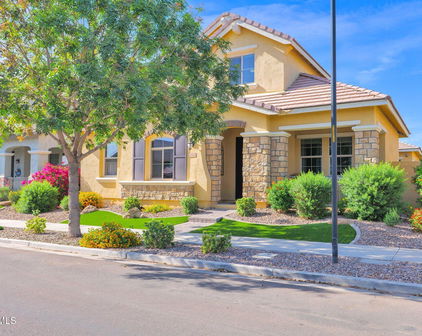 4468 E Jesse Street, Gilbert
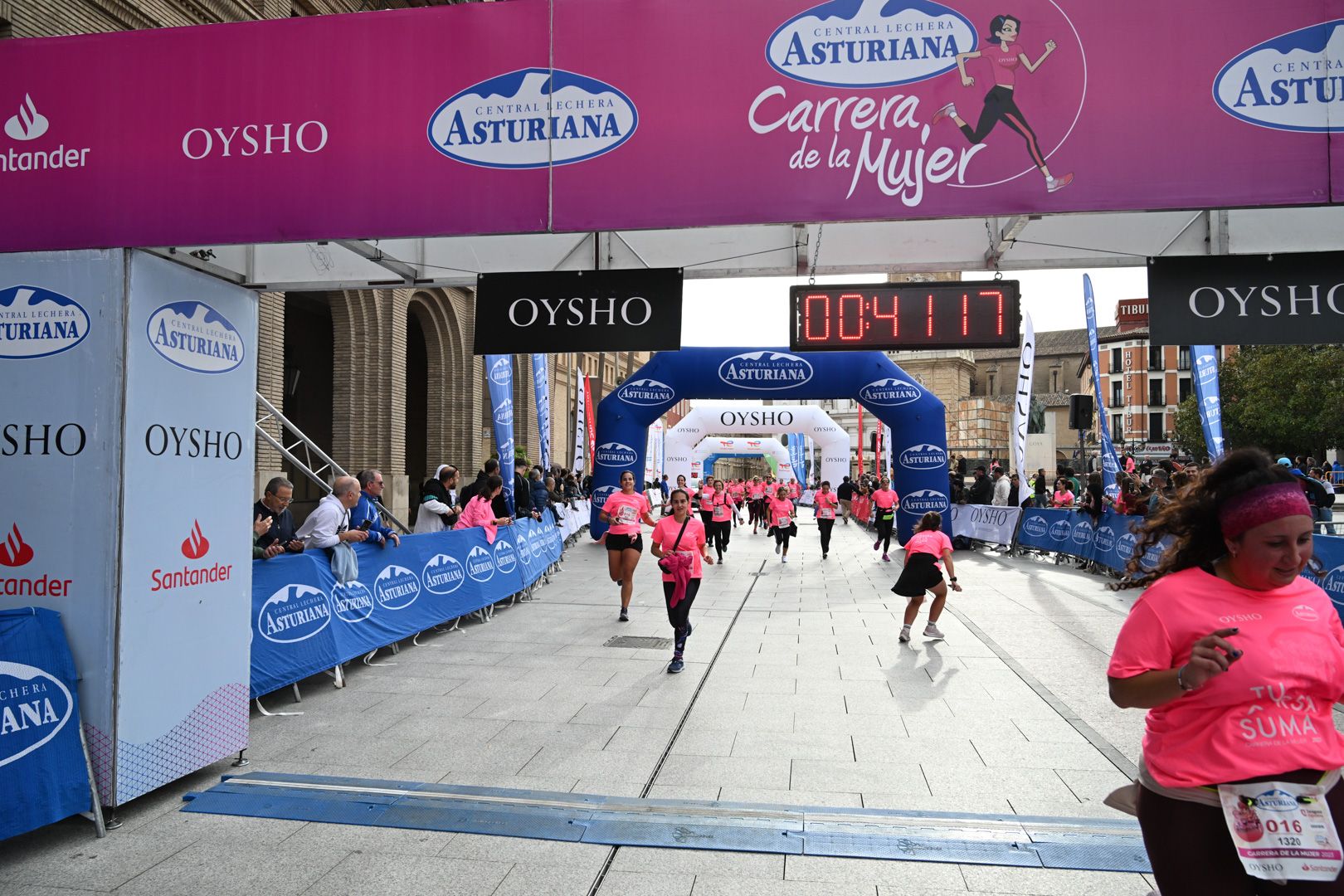 Todas las fotos de la Carrera de la Mujer de Zaragoza 2023. 5134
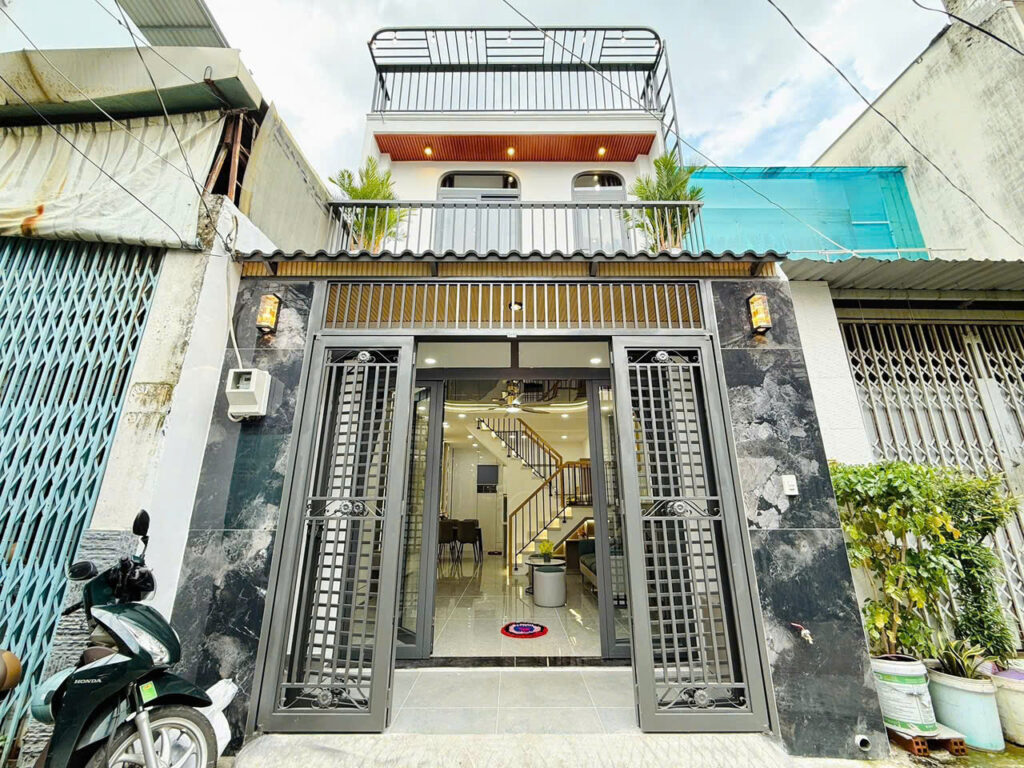 Bán nhà phố hẻm xe hơi Gò Vấp hướng Đông – giá tốt, sổ hồng riêng 🏡 Vị trí: Đường Số 9, P.Tân Thới Hiệp (P.9 – Gò Vấp), TP.HCM. 🚗 Hẻm xe hơi 7 chỗ đậu cửa, cách mặt tiền chỉ vài căn, xung quanh đầy đủ tiện ích: chợ, trường học các cấp, siêu thị. ✨ Thông tin chi tiết: Diện tích: 4m x 10m Kết cấu: 1 trệt 1 lầu Công năng: sân để xe, phòng khách, bếp, 2 phòng ngủ, 2 toilet, ban công thoáng mát Hướng nhà: Hướng Đông, hợp gia chủ mệnh Đông tứ trạch (Khảm, Ly, Chấn, Tốn) – giúp đón tài lộc, vượng khí và sức khỏe tốt. Pháp lý: Sổ hồng riêng, hoàn công đầy đủ 💰 Giá bán: 4 tỷ 980 triệu (thương lượng) 🎁 Tặng kèm full nội thất cao cấp 👉 Đây là lựa chọn lý tưởng cho gia đình nhỏ, vừa ở vừa đầu tư sinh lời tại trung tâm Gò Vấp.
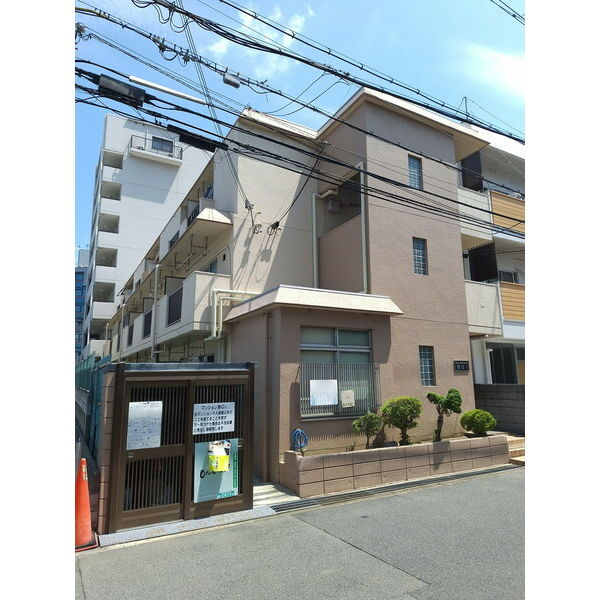 マンション野口1の外観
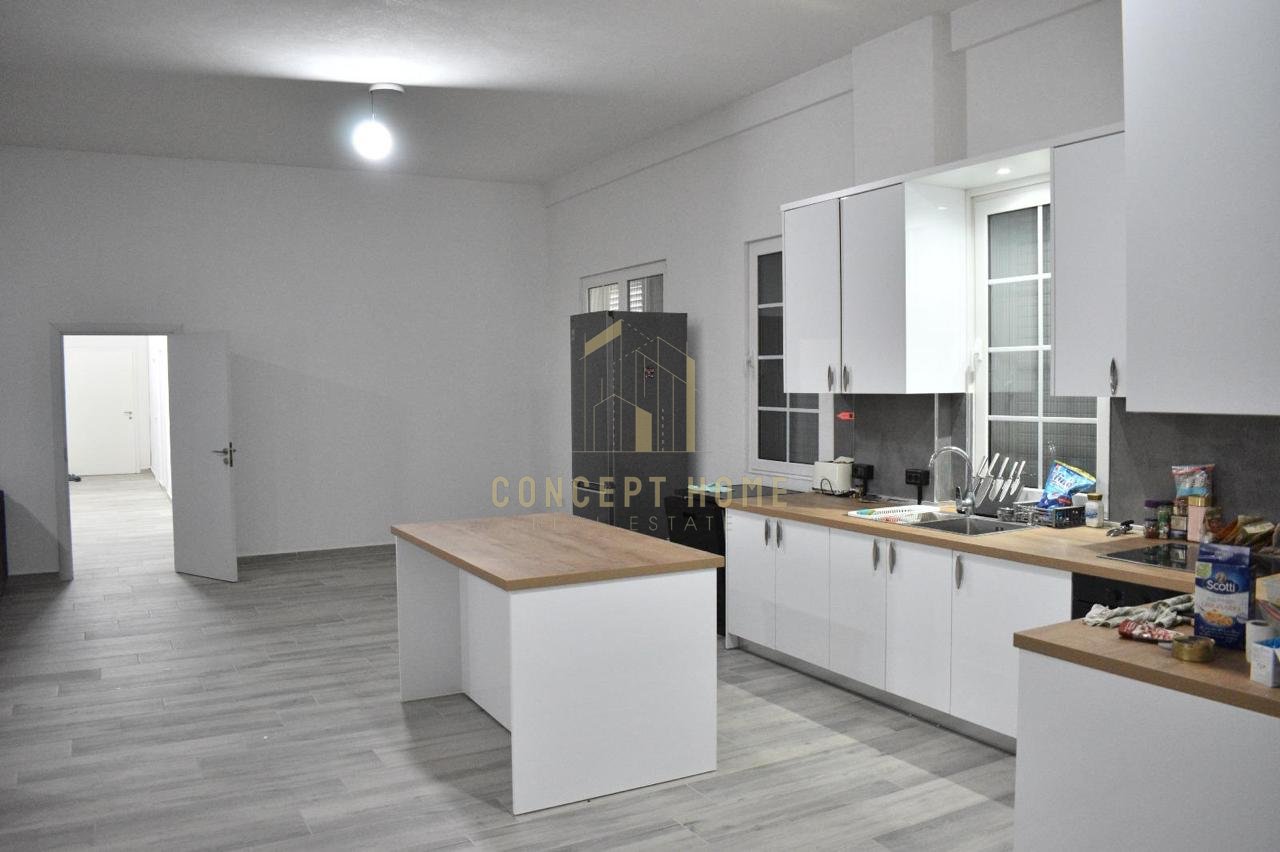 Penthouse 4+1+3+4 For Rent in Paskuqan, Tirana – 1500 € | 225 m²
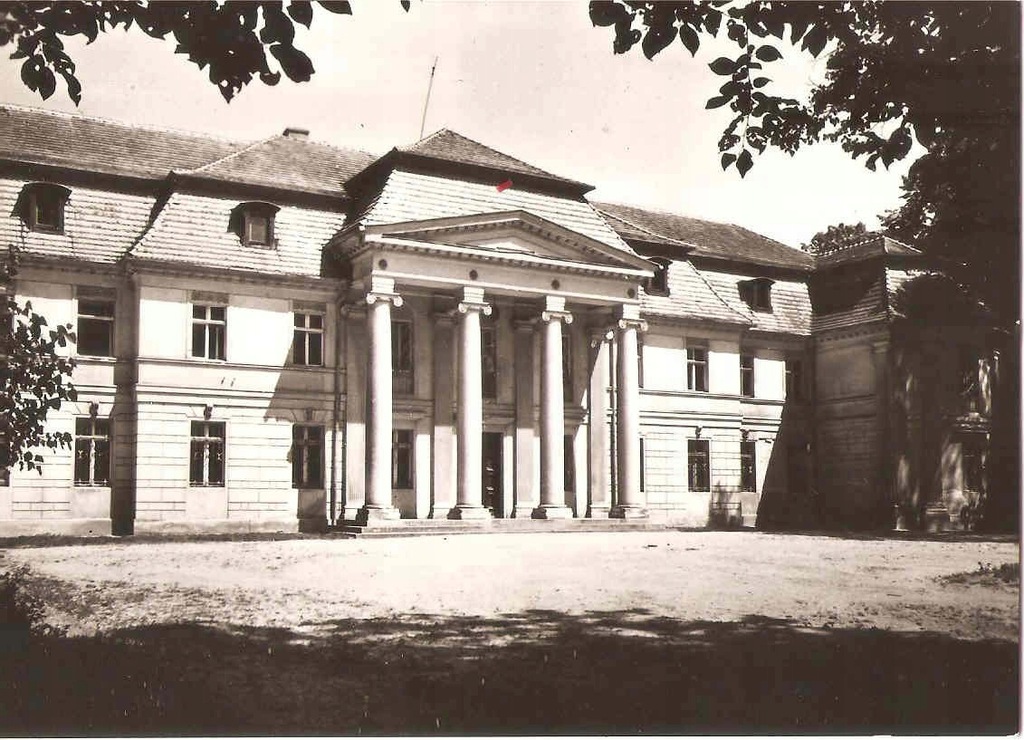 DŁOŃ -- PAŁAC -- ZAKŁAD DOŚWIADCZALNY WSR -- 1968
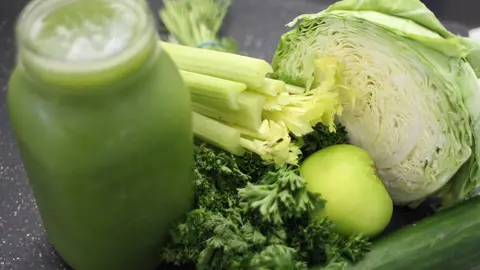apple-liquid-leaf-glass-dish-meal-877943-pxhere.com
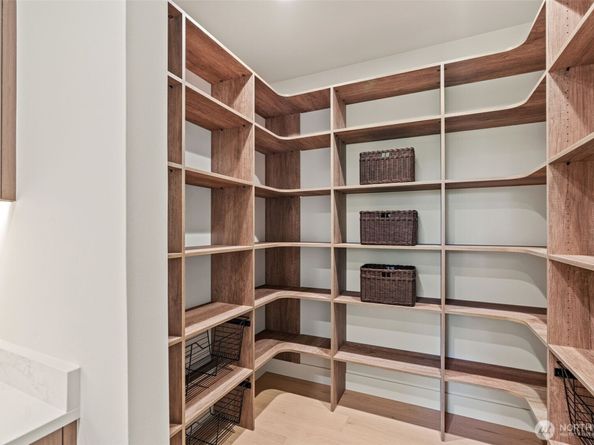 10648 Woodhaven Lane, Bellevue WA 98004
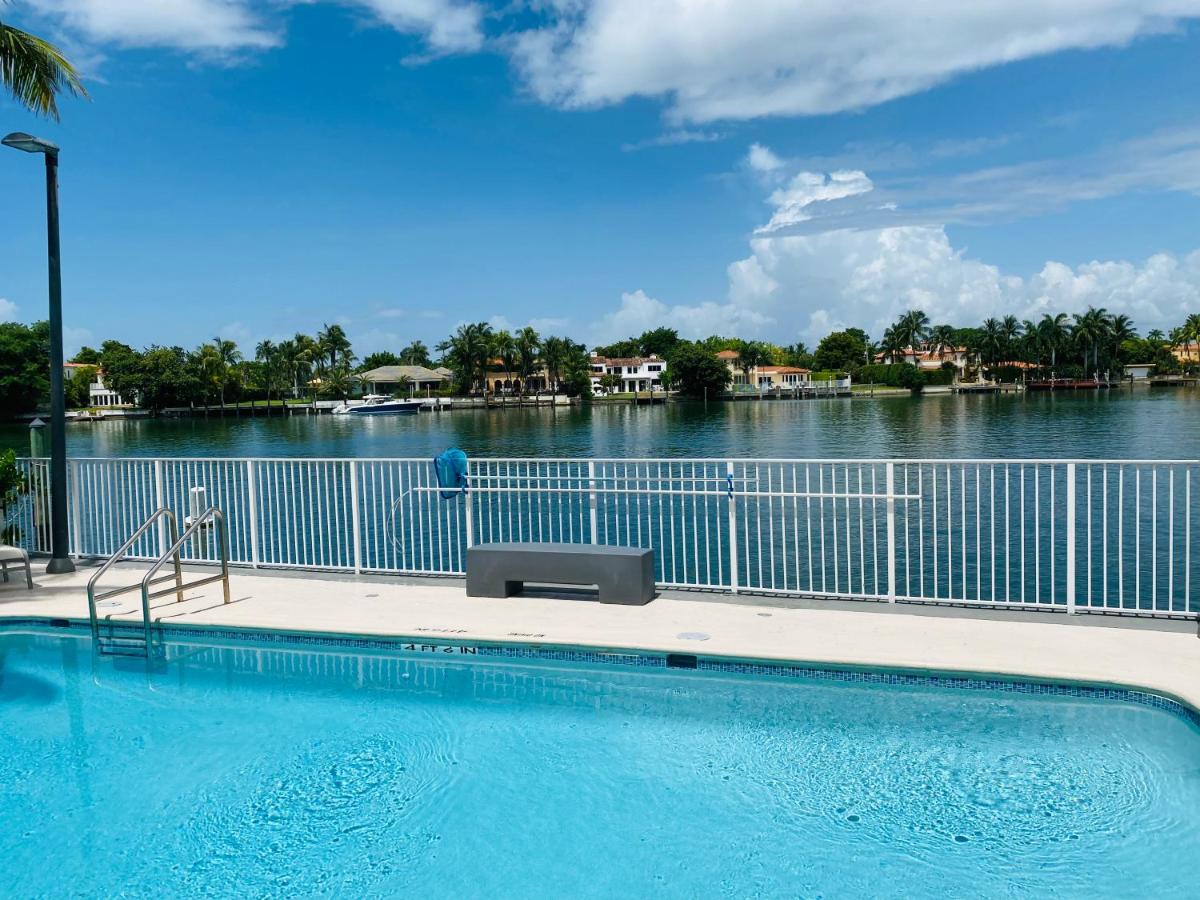 Ocean & Bay Views 2BR 2BA Beach Condo! Parking - B&B Miami Beach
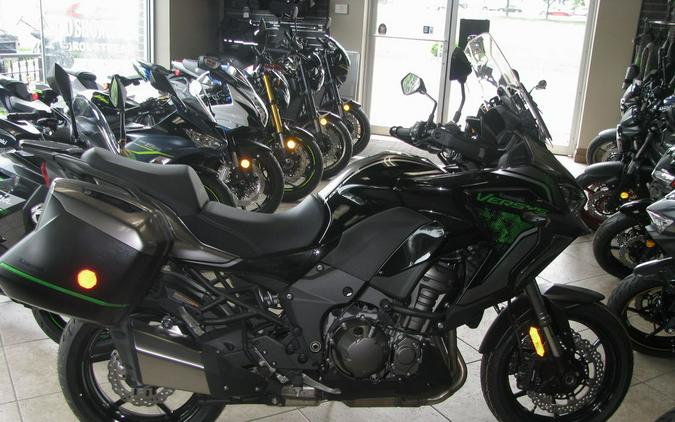 2023 Kawasaki Versys® 1000 SE LT+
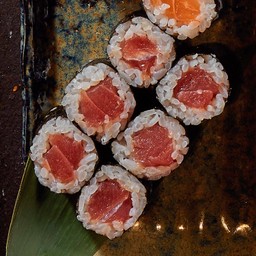 ข้าวห่อสาหร่ายไส้ปลาทูน่า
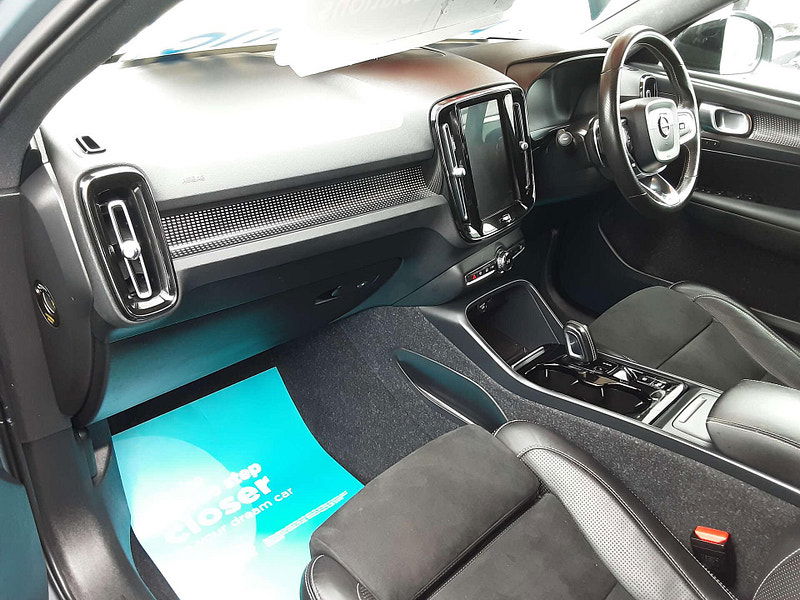 Volvo XC40 2.0 XC40 R-Design Pro D3 Auto 5dr 5dr Automatic 2025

» ASSIGNMENT:
Verbatim repetition of the entries is required, excluding any pictures.

» SOLUTION TO THIS TASK:
 4468 E Jesse Street, Gilbert
 Todas las fotos de la Carrera de la Mujer de Zaragoza 2023. 5134
 Bán nhà phố hẻm xe hơi Gò Vấp hướng Đông – giá tốt, sổ hồng riêng 🏡 Vị trí: Đường Số 9, P.Tân Thới Hiệp (P.9 – Gò Vấp), TP.HCM. 🚗 Hẻm xe hơi 7 chỗ đậu cửa, cách mặt tiền chỉ vài căn, xung quanh đầy đủ tiện ích: chợ, trường học các cấp, siêu thị. ✨ Thông tin chi tiết: Diện tích: 4m x 10m Kết cấu: 1 trệt 1 lầu Công năng: sân để xe, phòng khách, bếp, 2 phòng ngủ, 2 toilet, ban công thoáng mát Hướng nhà: Hướng Đông, hợp gia chủ mệnh Đông tứ trạch (Khảm, Ly, Chấn, Tốn) – giúp đón tài lộc, vượng khí và sức khỏe tốt. Pháp lý: Sổ hồng riêng, hoàn công đầy đủ 💰 Giá bán: 4 tỷ 980 triệu (thương lượng) 🎁 Tặng kèm full nội thất cao cấp 👉 Đây là lựa chọn lý tưởng cho gia đình nhỏ, vừa ở vừa đầu tư sinh lời tại trung tâm Gò Vấp.
 マンション野口1の外観
 Penthouse 4+1+3+4 For Rent in Paskuqan, Tirana – 1500 € | 225 m²
 DŁOŃ -- PAŁAC -- ZAKŁAD DOŚWIADCZALNY WSR -- 1968
apple-liquid-leaf-glass-dish-meal-877943-pxhere.com
 10648 Woodhaven Lane, Bellevue WA 98004
 Ocean & Bay Views 2BR 2BA Beach Condo! Parking - B&B Miami Beach
 2023 Kawasaki Versys® 1000 SE LT+
 ข้าวห่อสาหร่ายไส้ปลาทูน่า
 Volvo XC40 2.0 XC40 R-Design Pro D3 Auto 5dr 5dr Automatic 2025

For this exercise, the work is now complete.